La puerta se abre de par en par, los ojos aterrorizados de Marco me miran fijamente.

—¿Qué ocurre?

—Una gran desgracia, señor, terrible… ¡Quiere matarla, estoy seguro de que quiere matarla!

La monserga continúa en veneciano.

—¡No entiendo ni jota! ¿Qué ocurre?

—El Mulo, señor mío. ¡Está abajo el Mulo, con dos de sus hombres, quiere darle un escarmiento a doña Demetra, Dios Santo, va a matarla!

Lo empujo fuera de la habitación.

—¿Quién es el Mulo?

—Tiene a las putas de la calle de’ Bottai y dice que doña Demetra le ha robado a las chicas…

El resto se vuelve algo incomprensible.

Bajo las escaleras. Por la taberna parecen haber pasado los lansquenetes: mesas derribadas, sillas rotas. Las muchachas se apretujan en un rincón aterrorizadas, tres hombres de pie, uno con un cuchillo en la garganta de doña Demetra.

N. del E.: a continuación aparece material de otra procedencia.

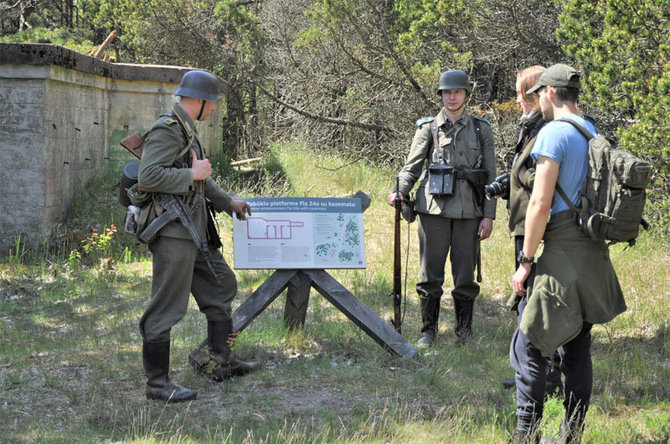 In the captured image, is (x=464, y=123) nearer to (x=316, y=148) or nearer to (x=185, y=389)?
(x=185, y=389)

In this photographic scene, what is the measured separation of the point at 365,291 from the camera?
7777mm

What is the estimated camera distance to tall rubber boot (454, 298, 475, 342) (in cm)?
598

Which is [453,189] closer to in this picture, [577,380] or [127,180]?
[577,380]

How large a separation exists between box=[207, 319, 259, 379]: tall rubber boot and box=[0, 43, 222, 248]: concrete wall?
4810 millimetres

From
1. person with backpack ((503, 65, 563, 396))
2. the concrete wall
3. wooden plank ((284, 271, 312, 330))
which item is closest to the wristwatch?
person with backpack ((503, 65, 563, 396))

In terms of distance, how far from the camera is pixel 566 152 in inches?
140

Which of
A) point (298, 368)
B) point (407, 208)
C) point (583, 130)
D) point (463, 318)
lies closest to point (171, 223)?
point (298, 368)

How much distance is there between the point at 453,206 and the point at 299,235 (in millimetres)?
1242

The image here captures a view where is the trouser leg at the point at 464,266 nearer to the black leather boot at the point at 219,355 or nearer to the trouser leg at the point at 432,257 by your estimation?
the trouser leg at the point at 432,257

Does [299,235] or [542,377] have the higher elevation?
[299,235]

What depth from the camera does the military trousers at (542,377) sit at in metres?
3.69

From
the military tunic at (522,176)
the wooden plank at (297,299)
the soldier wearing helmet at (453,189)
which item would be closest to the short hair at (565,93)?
the military tunic at (522,176)

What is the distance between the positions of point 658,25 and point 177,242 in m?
5.88

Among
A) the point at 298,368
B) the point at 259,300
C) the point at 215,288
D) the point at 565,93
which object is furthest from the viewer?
the point at 259,300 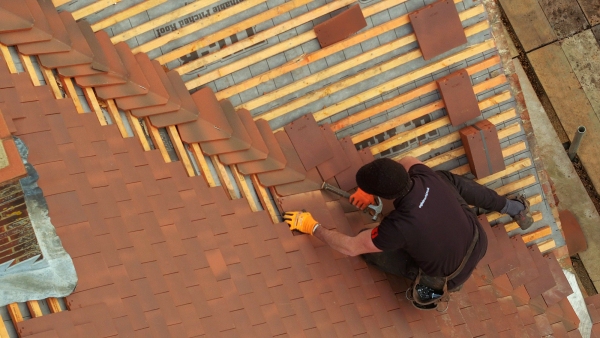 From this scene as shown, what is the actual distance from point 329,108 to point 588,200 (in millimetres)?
5998

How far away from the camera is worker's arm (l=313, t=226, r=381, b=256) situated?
240 inches

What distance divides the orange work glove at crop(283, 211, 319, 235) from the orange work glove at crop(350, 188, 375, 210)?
60 centimetres

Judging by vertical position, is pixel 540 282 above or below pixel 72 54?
below

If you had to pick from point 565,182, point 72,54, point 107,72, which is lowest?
point 565,182

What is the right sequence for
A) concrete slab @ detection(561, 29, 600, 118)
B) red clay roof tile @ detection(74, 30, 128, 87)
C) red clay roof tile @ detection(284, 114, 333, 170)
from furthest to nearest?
1. concrete slab @ detection(561, 29, 600, 118)
2. red clay roof tile @ detection(284, 114, 333, 170)
3. red clay roof tile @ detection(74, 30, 128, 87)

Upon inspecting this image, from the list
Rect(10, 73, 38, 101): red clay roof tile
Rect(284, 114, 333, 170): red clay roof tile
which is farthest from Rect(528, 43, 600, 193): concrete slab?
Rect(10, 73, 38, 101): red clay roof tile

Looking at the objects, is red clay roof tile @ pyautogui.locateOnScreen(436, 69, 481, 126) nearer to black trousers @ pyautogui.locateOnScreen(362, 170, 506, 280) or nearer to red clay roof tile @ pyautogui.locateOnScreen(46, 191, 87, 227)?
black trousers @ pyautogui.locateOnScreen(362, 170, 506, 280)

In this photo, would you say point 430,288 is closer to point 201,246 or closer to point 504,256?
point 504,256

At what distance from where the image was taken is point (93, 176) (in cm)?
555

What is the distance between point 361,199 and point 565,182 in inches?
225

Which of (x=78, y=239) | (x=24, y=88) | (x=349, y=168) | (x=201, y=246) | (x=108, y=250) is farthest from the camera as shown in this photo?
(x=349, y=168)

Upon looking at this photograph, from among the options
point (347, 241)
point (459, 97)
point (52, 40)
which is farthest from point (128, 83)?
point (459, 97)

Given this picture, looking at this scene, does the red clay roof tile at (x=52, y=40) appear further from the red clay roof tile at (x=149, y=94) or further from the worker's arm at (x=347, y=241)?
the worker's arm at (x=347, y=241)

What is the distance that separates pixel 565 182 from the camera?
11.0 metres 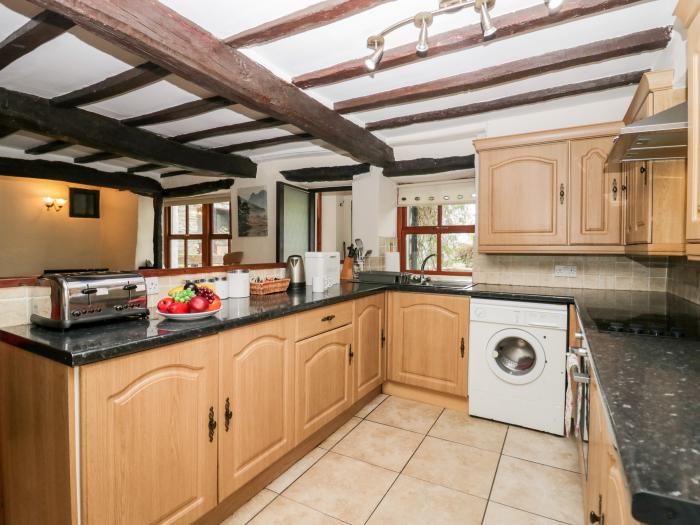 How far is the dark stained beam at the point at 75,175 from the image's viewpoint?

Cinco pasos entre el más próximo y yo: treinta años como mucho, un bastón de punta acerada en la mano. El más gordo tiene agarrada a doña Demetra de los pelos, la hoja en la piel, el tercero está en la puerta.

Me ven. El gordo dice algo en veneciano. Cara de tonto matón. Es el cabecilla.

El del bastón se va por la pata abajo, un golpe inesperado, le bloqueo el brazo y le rompo la nariz de un cabezazo. Trastabillea hacia atrás sorprendido. Recojo el bastón, miro a los ojos del Mulo y escupo al suelo.

Sonríe forzadamente. Arroja a doña Demetra al suelo y le grita algo, apuntándola con el dedo índice.

Hace ademán de acercarse: le rompo el bastón en el hombro y con el trozo roto lo golpeo en el estómago. Se agacha, le he hecho daño.

Saco el puñal y se lo meto por una ventana de la nariz, la cabeza bloqueada por el pelo.

Una ojeada a los otros dos: las manos en la nariz chorreante, fuera de juego, el segundo está pensando ya en poner pies en polvorosa, lo dice su mirada.

—¡Marco!

El muchacho está detrás de mí:

—Santo Dios, señor, ¿es que queréis matarlo?

—Dile que si vuelvo a verle el pelo por aquí le parto la crisma.

El muchacho farfulla algo en veneciano.

—Dile que si toca a doña Demetra o a una de sus chicas, iré a buscarlo y le romperé la cabeza.

Marco se arma de valor y pone en ello la rabia que me falta a mí.

Empujo al Mulo hacia la salida, el último impulso se lo da una patada en el culo. Los dos compinches se largan tras él.

Doña Demetra se levanta, arreglándose la ropa y el peinado.

—Os doy las gracias, señor. Nunca podré pagaros lo que acabáis de hacer.

—Basta con que me digáis a quién he apalizado, doña Demetra, y estaremos en paz.

Recoge una silla, mientras las muchachas la rodean de atenciones y Marco le ofrece agua.

—El Mulo es quien explota los burdeles de la calle de’ Bottai.

—¿Y os odia mucho?

Se suelta el pelo:

—Algunas de las muchachas que trabajaban para él decidieron venirse conmigo. No estaban contentas con el trato que el Mulo les daba. Poca paga y a cintarazo limpio, no sé si comprendéis…

Asiento:

—Puedo imaginármelo, no tenía lo que se dice trazas de caballero.

Doña Demetra sonríe:

—Los caballeros pueden hacer cosas incluso peores, señor mío, y por eso vuestra intervención de hoy no basta para prevenir todos los riesgos del oficio.

—Comprendo. Mientras yo esté aquí, doña Demetra, espero que queráis aceptar mis servicios.